EXERCISE DIRECTIONS.
Omit the pictures, then write out every entry exactly as it reads.

====== DATA SHOWN

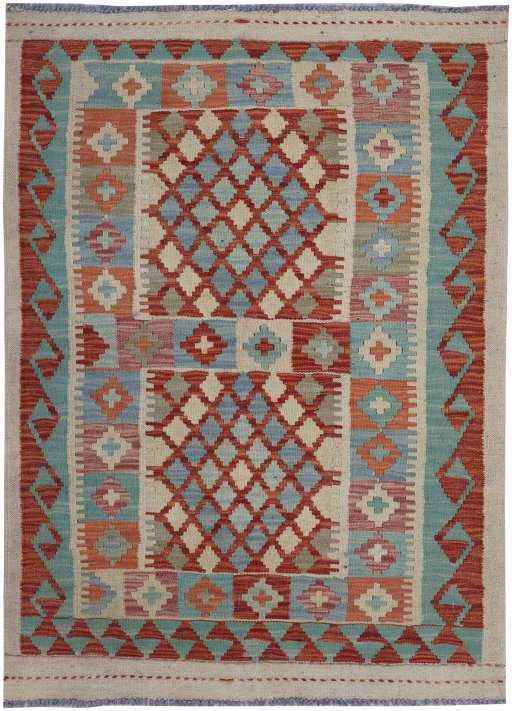 Full view of New Modern Design rug from Pakistan, 135 × 91 cm in Multi Color tones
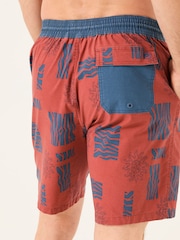 FatFace Camber Blue & Brown Swim Shorts - Image 8 of 9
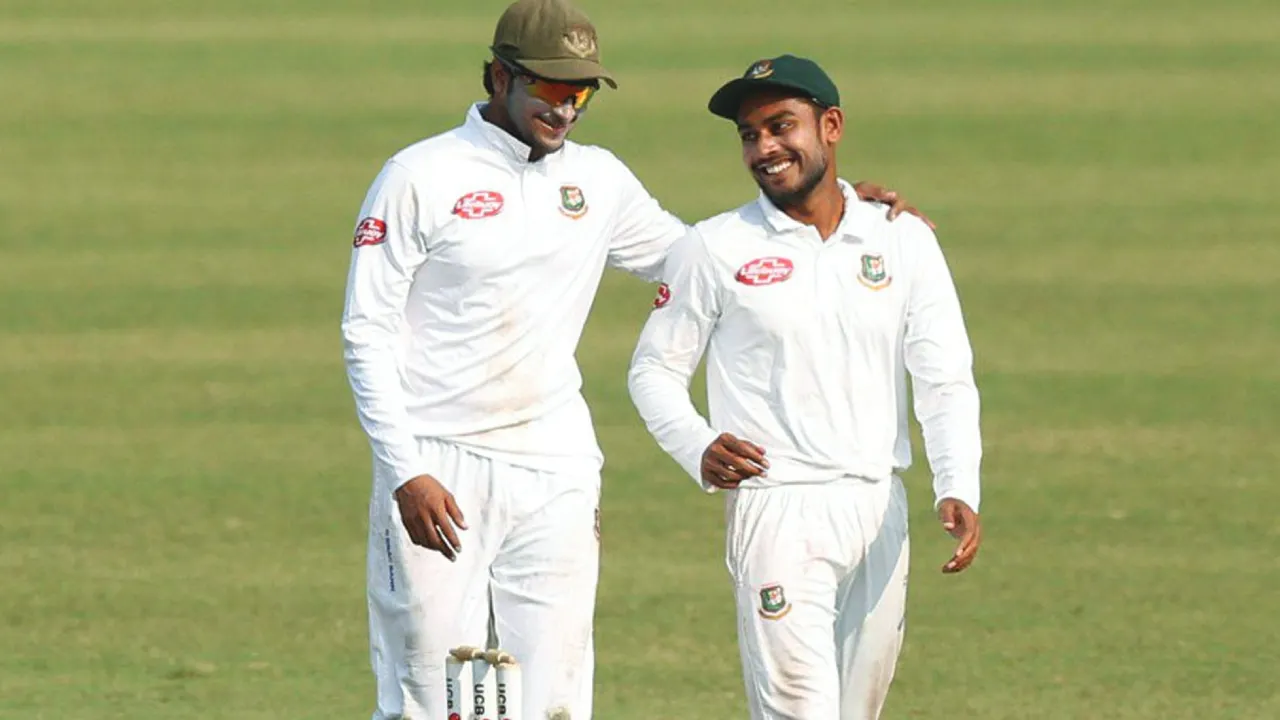 সাকিব আল হাসান ও মেহেদী হাসান মিরাজ। ছবি : সংগৃহীত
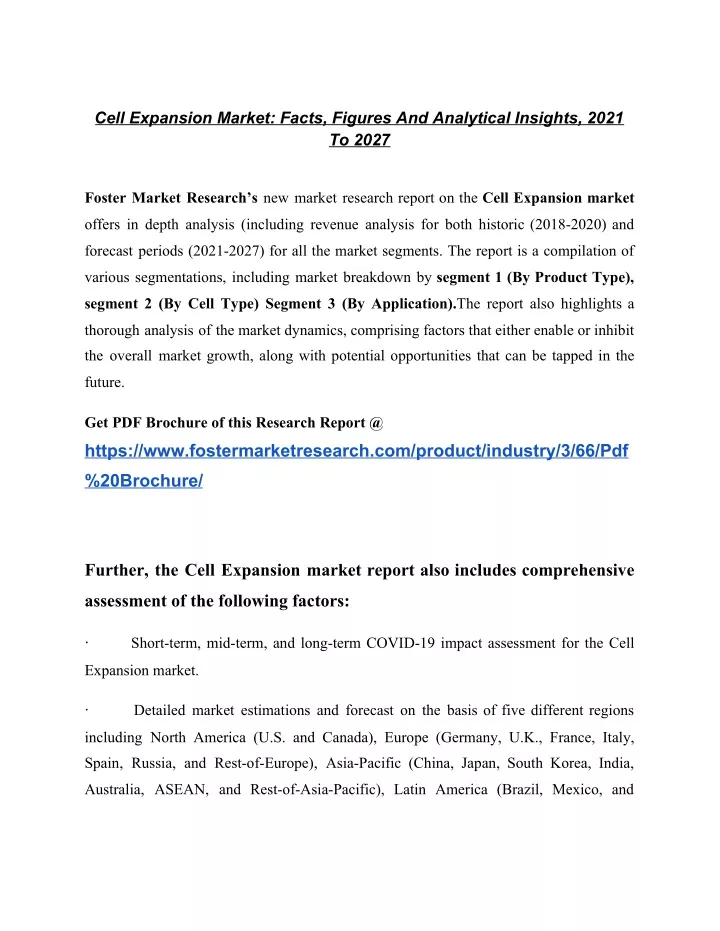 cell expansion market facts figures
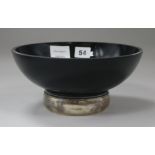 A modern silver mounted black glass presentation rose bowl, inscribed Dia.23cm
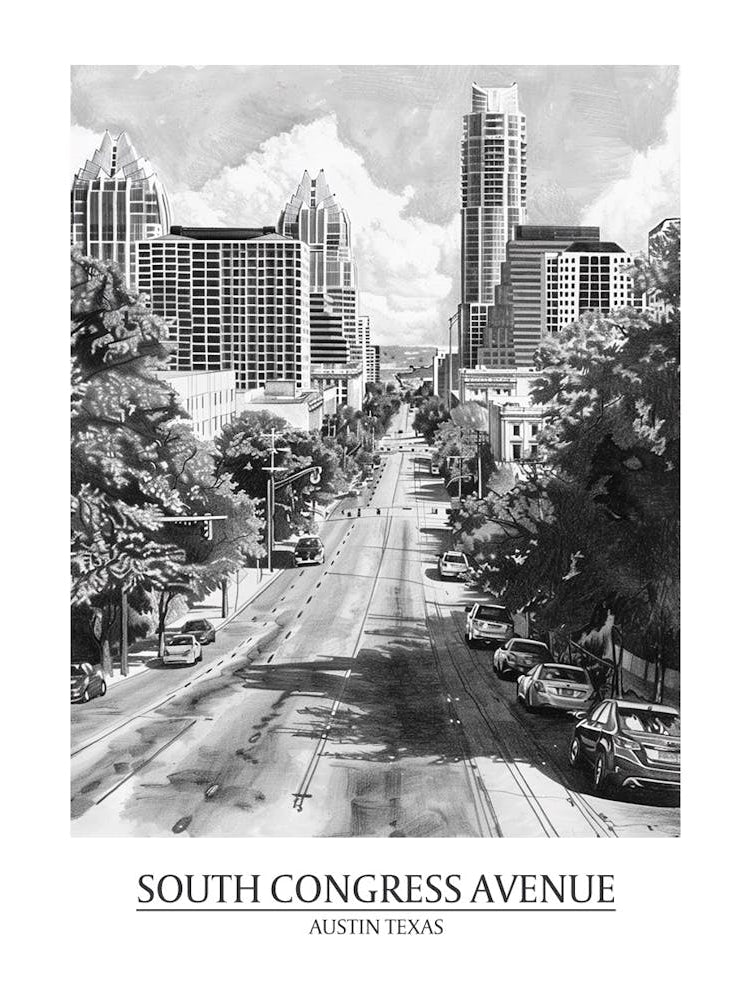 South Congress Avenue Austin Texas Black And White Drawing 3 Poster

============

RESULT BELOW.
 Full view of New Modern Design rug from Pakistan, 135 × 91 cm in Multi Color tones
 FatFace Camber Blue & Brown Swim Shorts - Image 8 of 9
 সাকিব আল হাসান ও মেহেদী হাসান মিরাজ। ছবি : সংগৃহীত
 cell expansion market facts figures
 A modern silver mounted black glass presentation rose bowl, inscribed Dia.23cm
 South Congress Avenue Austin Texas Black And White Drawing 3 Poster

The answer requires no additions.